News reports and articles in the US media these past few weeks have referred to the anxiety found in the US among Taiwan watchers on just where Taiwan is going. Most of this coverage has focused on arms sales and the ability (and the will) of Taiwan to defend itself. These are, and should, be the first concern.
But the uncertainty goes beyond this to the nature of Taiwan's body politic today and how this might impact on the US-Taiwan relationship. Is it like what is taking place in Korea -- a fundamental change generated by the younger generation, or a lack of interest or knowledge on the part of the voters that could drastically alter that relationship?
There are, in Taiwan's body politic, ever fewer people who personally have experienced the cost of gaining their freedom under a democracy. This speaks not only to those older citizens who were either victims of the White Terror or of incarceration for their beliefs, but also to the literally millions who offered their low-cost labor in the building of its economy.
The perception abroad is that this generation seems to take what it has for granted and has little concern that these are not guaranteed rights -- rights that can be lost if they are not protected.

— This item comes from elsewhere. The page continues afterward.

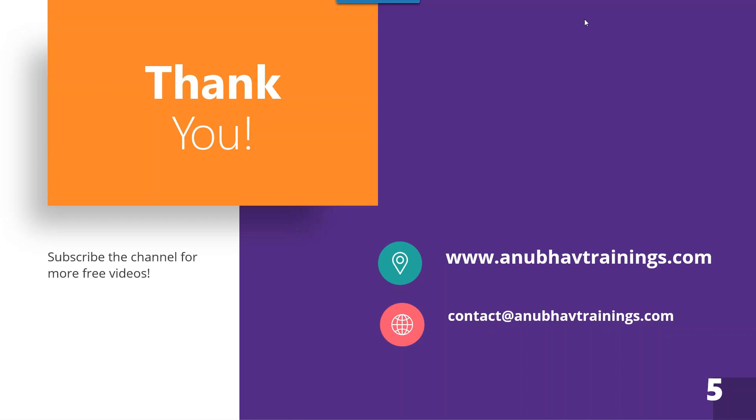Do not forget to visit www.anubhavtrainings.com and shoot us an email on contact@anubhavtrainings.com for any requirement regarding technical training in the space of SAP. With that, Anubhav signing out. Once again, thank you so much and I will see you in my next episode.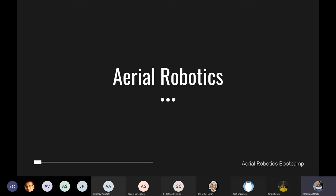Our institute has contributed a lot to this field. We have produced great industry products and prototypes through successful startups like Drone-I Vision and Idea4. Today we have gathered here to tinker and learn, and to contribute to this exciting field of aerial robotics. Let's get started.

To be sure, there has been generational change everywhere, including in the US. Still, history, and values, remain a factor. One of the positive reactions to the Sept. 11 terrorist attack was the awakening of patriotic feelings among the younger generation that many of us thought had disappeared.
But, as usual, there is a difference when it comes to Taiwan. Patriotism means national loyalty -- always, therefore, there is the problem of national identity.
There may be another reason for this lack of concern over Taiwan's future by many in Taiwan, aside, that is, from those who hope for personal gain -- the clearer American commitment on Taiwan's security. This greater clarity, or reduced ambiguity, however one wants to describe it, was long sought by many of those few in the US who had responsibilities under the Taiwan Relations Act. And certainly clarity was continuously sought by a great many in Taiwan who were, and still are, responsible for its security.
But one must remember that America's purpose in selling arms to Taiwan has always been to strengthen Taiwan's ability to defend itself and to strengthen its confidence in dealing with its adversary across the Strait. It is understood that America, in its own interest, had made several security commitments in East Asia and that its allies were very sensitive to how well these commitments were kept. The US would be unlikely, therefore, to permit the "loss" of Taiwan by allowing her to be militarily defeated. The confidence this has brought to Taiwan, however, seems to be going in an unanticipated direction.
The institutions that would normally at least hhelp counter-balance overconfidence on the part of the general public on security matters are the military, agencies that have national security responsibilities, think tanks and other non-governmental institutions.
Unfortunately, Taiwan is in the midst of reforming its national-security system and modernizing its military, and the going is very slow.
Leftover biases, differences over national identity, the recovery from some 50 years of military isolation and major political changes, still need time and much effort to complete.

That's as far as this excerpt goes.